[About this task]: Leave the images out, and copy each of the records below exactly.

[Data records]:
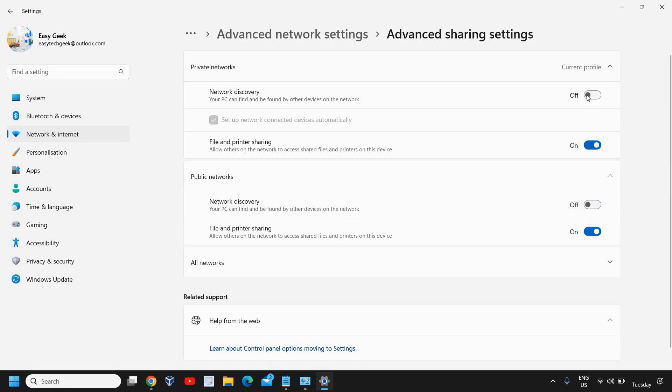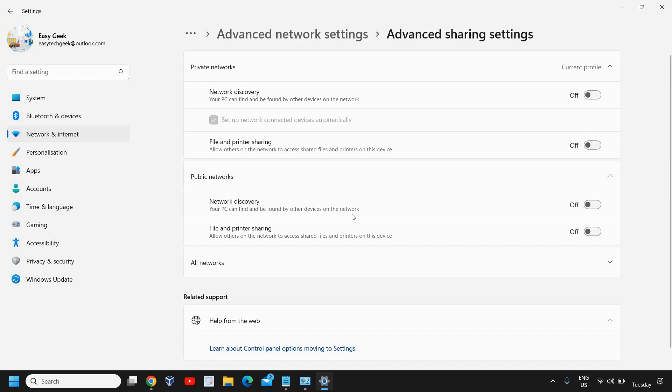You can also turn off the File and Printer Sharing, and I just have turned it off. You can leave File and Printer Sharing on if you're printing something and want your printer to be connected with the network. Otherwise, you can turn it off like this.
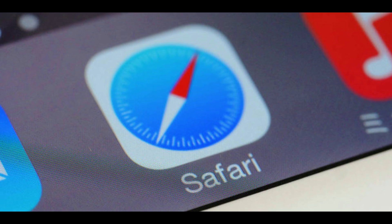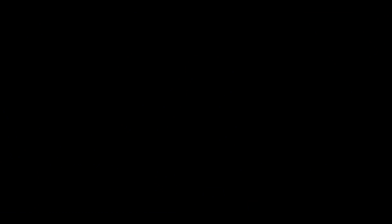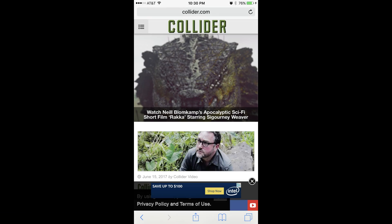You can get rid of all your browsing history in Safari with a few taps on your screen. Step 1: Tap to launch Safari on your Apple device. Step 2: Tap the Bookmarks icon in the list of icons along the bottom of the Safari browser window. The Bookmarks icon looks like an open book.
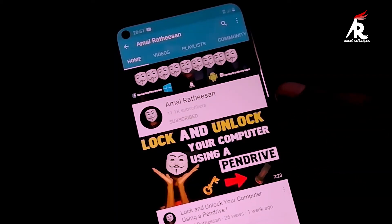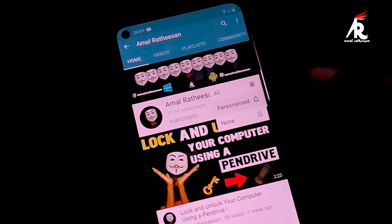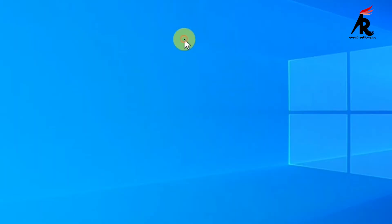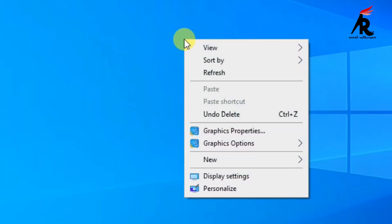Please subscribe to my channel and press the bell icon for latest updates. I'm going to show you how to remove the recycle bin from the desktop. So you have to right click and...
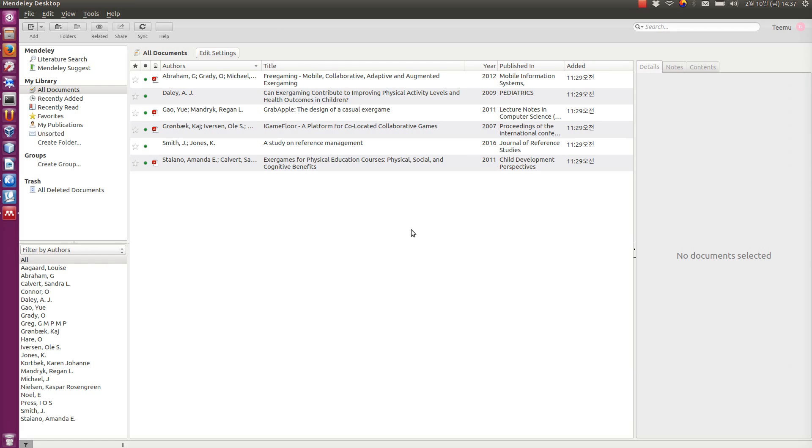Hi there! This time I'm going to show you how to use the Mendeley desktop system with LaTeX environment.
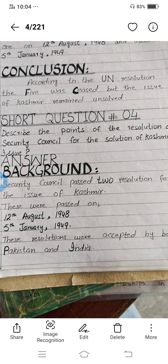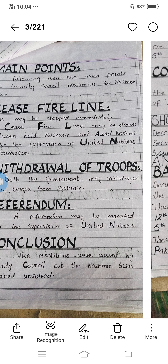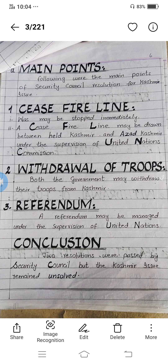The first short question is: describe the points of the resolution of Security Council for the solution of the Kashmir issue. The Security Council passed two resolutions for the issue of Kashmir. They were passed on 12th August 1948 and the second one was on 5th January 1949. These resolutions were accepted by both India and Pakistan.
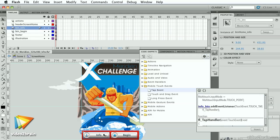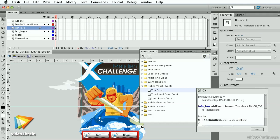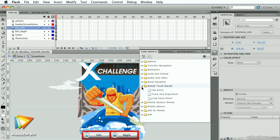For the ActionScripters out there, you'll be delighted with these impressive new features: the ability to visually inject extensible code snippets with a new pickwhip, including several optimized for mobile and AIR apps. And there are over 20 new code snippets.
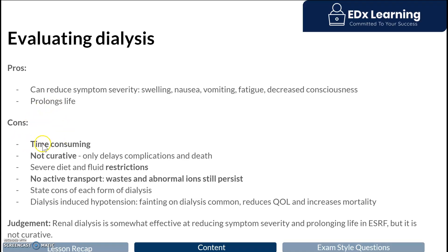The cons are exactly what we've mentioned: there is no active transport, so waste still remains in the blood; it is time-consuming; it is not curative; and each individual form has its own disadvantages. Peritoneal dialysis carries the disadvantage of peritonitis, while hemodialysis has several disadvantages including joint problems and hypotension — a loss of consciousness on dialysis due to the rapid removal of blood.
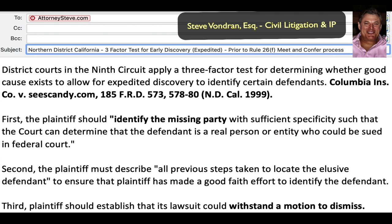I want to tell you two things: first, there is precedent as to what is required when you want to bypass this normal discovery rule; and second, the ability to actually enforce that in court. This is general legal information only — not legal advice. Check your own circuit, as there are 11 different circuits in the country, plus the DC court, and rules may differ.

[Exercise result]:
You can also turn off the File and Printer Sharing, and I just have turned it off. You can leave File and Printer Sharing on if you're printing something and want your printer to be connected with the network. Otherwise, you can turn it off like this.
You can get rid of all your browsing history in Safari with a few taps on your screen. Step 1: Tap to launch Safari on your Apple device. Step 2: Tap the Bookmarks icon in the list of icons along the bottom of the Safari browser window. The Bookmarks icon looks like an open book.
Please subscribe to my channel and press the bell icon for latest updates. I'm going to show you how to remove the recycle bin from the desktop. So you have to right click and...
Hi there! This time I'm going to show you how to use the Mendeley desktop system with LaTeX environment.
The first short question is: describe the points of the resolution of Security Council for the solution of the Kashmir issue. The Security Council passed two resolutions for the issue of Kashmir. They were passed on 12th August 1948 and the second one was on 5th January 1949. These resolutions were accepted by both India and Pakistan.
For the ActionScripters out there, you'll be delighted with these impressive new features: the ability to visually inject extensible code snippets with a new pickwhip, including several optimized for mobile and AIR apps. And there are over 20 new code snippets.
The cons are exactly what we've mentioned: there is no active transport, so waste still remains in the blood; it is time-consuming; it is not curative; and each individual form has its own disadvantages. Peritoneal dialysis carries the disadvantage of peritonitis, while hemodialysis has several disadvantages including joint problems and hypotension — a loss of consciousness on dialysis due to the rapid removal of blood.
I want to tell you two things: first, there is precedent as to what is required when you want to bypass this normal discovery rule; and second, the ability to actually enforce that in court. This is general legal information only — not legal advice. Check your own circuit, as there are 11 different circuits in the country, plus the DC court, and rules may differ.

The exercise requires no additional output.